[PATCH 0/1] mac80211: removal of warning in RX path
Erik Stromdahl
erik.stromdahl at gmail.com
Sun Jun 4 06:11:54 PDT 2017
This patch is related to ath10k (usb and sdio patches) so I CC Kalle
and the ath10k mailing list as well.
The *WARN_ON_ONCE(softirq_count() == 0);* call in ieee80211_rx_napi is
causing a warning every time ath10k passes its first frame to mac80211
when running usb and sdio based devices.
It seems as if the softirq_count is simply not updated when the underlying
driver is usb or sdio based.
What is the purpose of this warning?
An odd thing is that the WARN_ macro behaves differently in Linux 4.12
when compared to previous versions (4.11 and older).
Below is an extract of the disassembly of ieee80211_rx_napi from Linux 4.12-rc2
The instructions prefixed with arrows (->) are extra important.
Dump of assembler code for function ieee80211_rx_napi:
0xffffffffa002af00 <+0>: nopl 0x0(%rax,%rax,1)
0xffffffffa002af05 <+5>: push %rbp
0xffffffffa002af06 <+6>: mov %rsp,%rbp
0xffffffffa002af09 <+9>: push %r15
0xffffffffa002af0b <+11>: push %r14
0xffffffffa002af0d <+13>: push %r13
0xffffffffa002af0f <+15>: push %r12
0xffffffffa002af11 <+17>: push %rbx
0xffffffffa002af12 <+18>: mov %rdx,%rbx
0xffffffffa002af15 <+21>: sub $0xa8,%rsp
0xffffffffa002af1c <+28>: mov %rsi,-0xb8(%rbp)
0xffffffffa002af23 <+35>: mov %rcx,-0xa0(%rbp)
0xffffffffa002af2a <+42>: mov %gs:0x28,%rax
0xffffffffa002af33 <+51>: mov %rax,-0x30(%rbp)

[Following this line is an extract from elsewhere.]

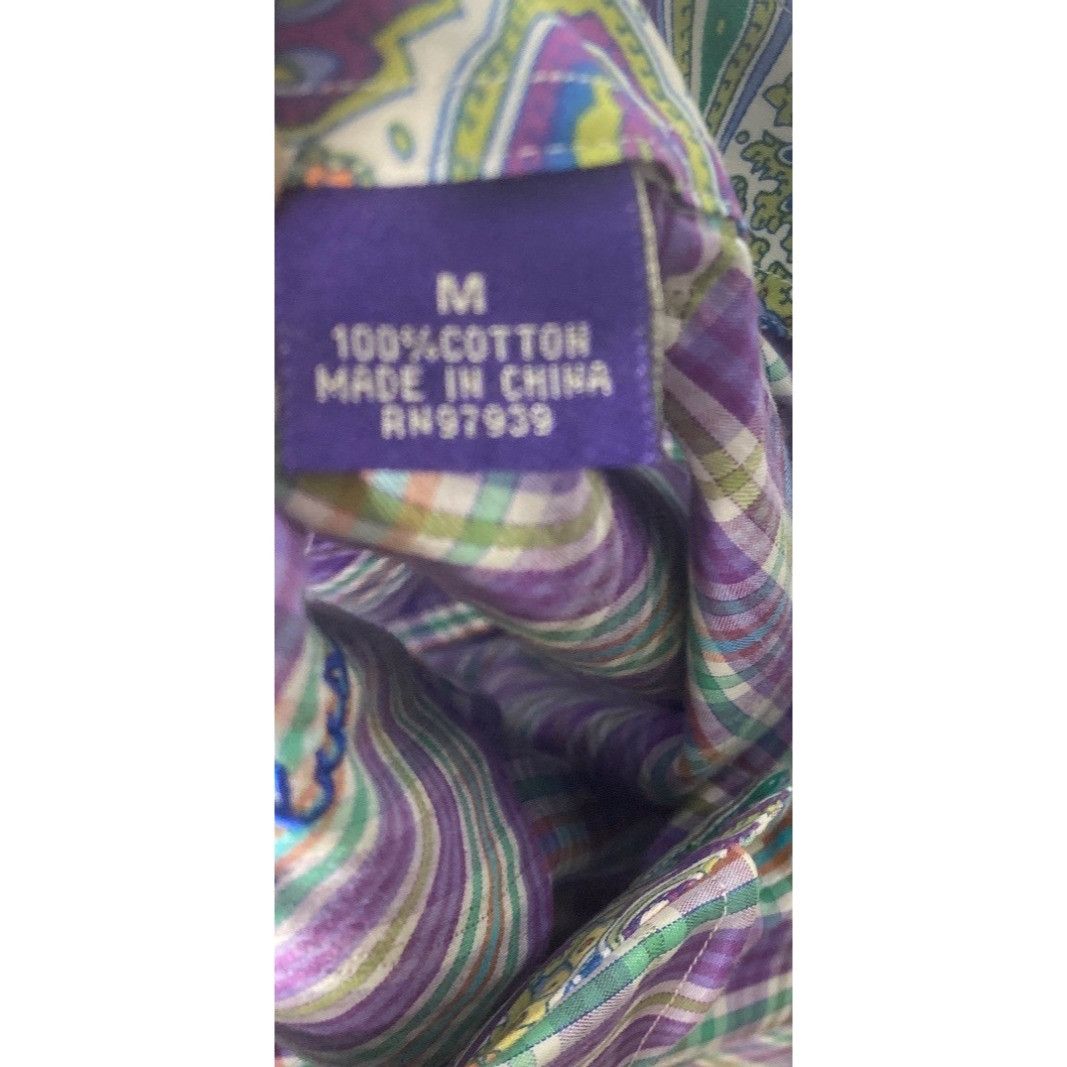 Alan Flusser ALAN FLUSSER MEN'S PURPLE PLAID BUTTON-DOWN DRESS SHIRT SZ M Size US M / EU 48-50 / 2 - 5 Thumbnail
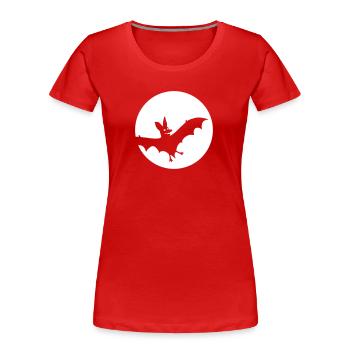 Fledermausmond - Frauen Premium Bio T-Shirt - Rot - Vorne - Mia (176cm)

0xffffffffa002af37 <+55>: xor %eax,%eax
0xffffffffa002af39 <+57>: movzbl 0x4b(%rdx),%eax
0xffffffffa002af3d <+61>: cmp $0x2,%al
0xffffffffa002af3f <+63>: ja 0xffffffffa002b485 <ieee80211_rx_napi+1413>
0xffffffffa002af45 <+69>: mov 0x38(%rdi),%rdx
0xffffffffa002af49 <+73>: mov %rdi,%r15
0xffffffffa002af4c <+76>: mov 0xf8(%rdx,%rax,8),%rdx
0xffffffffa002af54 <+84>: test %rdx,%rdx
-> 0xffffffffa002af57 <+87>: je 0xffffffffa002b48c <ieee80211_rx_napi+1420> <-- We take the jump here
0xffffffffa002af5d <+93>: mov 0x490(%rdi),%eax
0xffffffffa002af63 <+99>: and $0xff00ff00,%eax
0xffffffffa002af68 <+104>: mov %eax,-0xac(%rbp)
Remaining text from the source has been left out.